American singer-songwriter

Rachel Sweet (born July 28, 1962) is an American singer, television writer and actress.

==Early life and education==
Rachel Sweet was born in Akron, Ohio. Because she pursued her singing career so young, she dropped out of high school to concentrate on her career, but she was still required to devote time to her studies.

Sweet resumed her education via correspondence courses, and she eventually graduated from Columbia University with a degree in French and English Literature in 1988.

==Singing career==
Sweet began her singing career at age three when she won an electric garage door opener in a local talent contest after singing "I'm a Little Dutch Girl." She began recording commercials at the age of six, toured with Mickey Rooney, and performed in Las Vegas as the opening act for Bill Cosby at the age of 12. She began recording country music in 1974, but with little success beyond one minor hit.

Switching to rock and roll, she signed to Stiff Records and released her first album, Fool Around, in 1978, dropping out of high school to concentrate on her career, although she was still required to devote time to her studies. Sweet was backed by The Records on the Stiff Records tour in 1978. The album was a critical success, but sales were poor, although she did have some success with the single "B-A-B-Y" (a cover of the 1966 Carla Thomas song), which was a top-40 hit in the UK. The record label generated some controversy by pushing a Lolita-like image for her. Her follow-up album, Protect the Innocent, produced by Martin Rushent and Alan Winstanley, was largely ignored by the public and the music press, although it was popular with her fans and launched a well-received North American tour in 1980 with her band The Toys. She signed to Columbia Records in 1981, releasing the album ... And Then He Kissed Me and its hit single "Everlasting Love", a duet with Rex Smith. The album also includes "Shadows of the Night," later a hit for Pat Benatar.

Sweet released only one more album, 1982's Blame It on Love, which featured the song "Voo Doo". The video for the song was played on MTV, and she performed the song on the musical TV show Solid Gold. An album she recorded tracks for in 1982-83 remains unreleased.

She returned to music sporadically as she focused on her education, co-writing and recording the title song for John Waters' film Hairspray, and several songs for Waters' musical film Cry-Baby.
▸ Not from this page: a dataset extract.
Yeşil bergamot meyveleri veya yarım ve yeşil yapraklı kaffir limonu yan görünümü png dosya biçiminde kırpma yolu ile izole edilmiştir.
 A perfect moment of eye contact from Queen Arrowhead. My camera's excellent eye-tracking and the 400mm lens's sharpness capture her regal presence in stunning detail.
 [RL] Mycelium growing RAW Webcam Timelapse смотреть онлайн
In 1992, Rhino Records released Fool Around: The Best of Rachel Sweet. The CD compilation includes all of her first album, Fool Around, as well as tracks from her other three albums and the theme from Hairspray.

==Film and television==
In 1982, Sweet had a starring role in the low-budget musical film Rock 'n' Roll Hotel, which also featured Judd Nelson and was filmed in Richmond, Virginia, at the then-inoperative Jefferson Hotel. Shooting in Richmond with local extras began in October 1982 and was halted abruptly in December. The film's original 3D version, with scenes in the style of early MTV music videos, received only two screenings in 1983, in Los Angeles and New York. It was never released theatrically, even after it was eventually re-cut and completed in 1986 under the supervision of Sweet's father, Dick.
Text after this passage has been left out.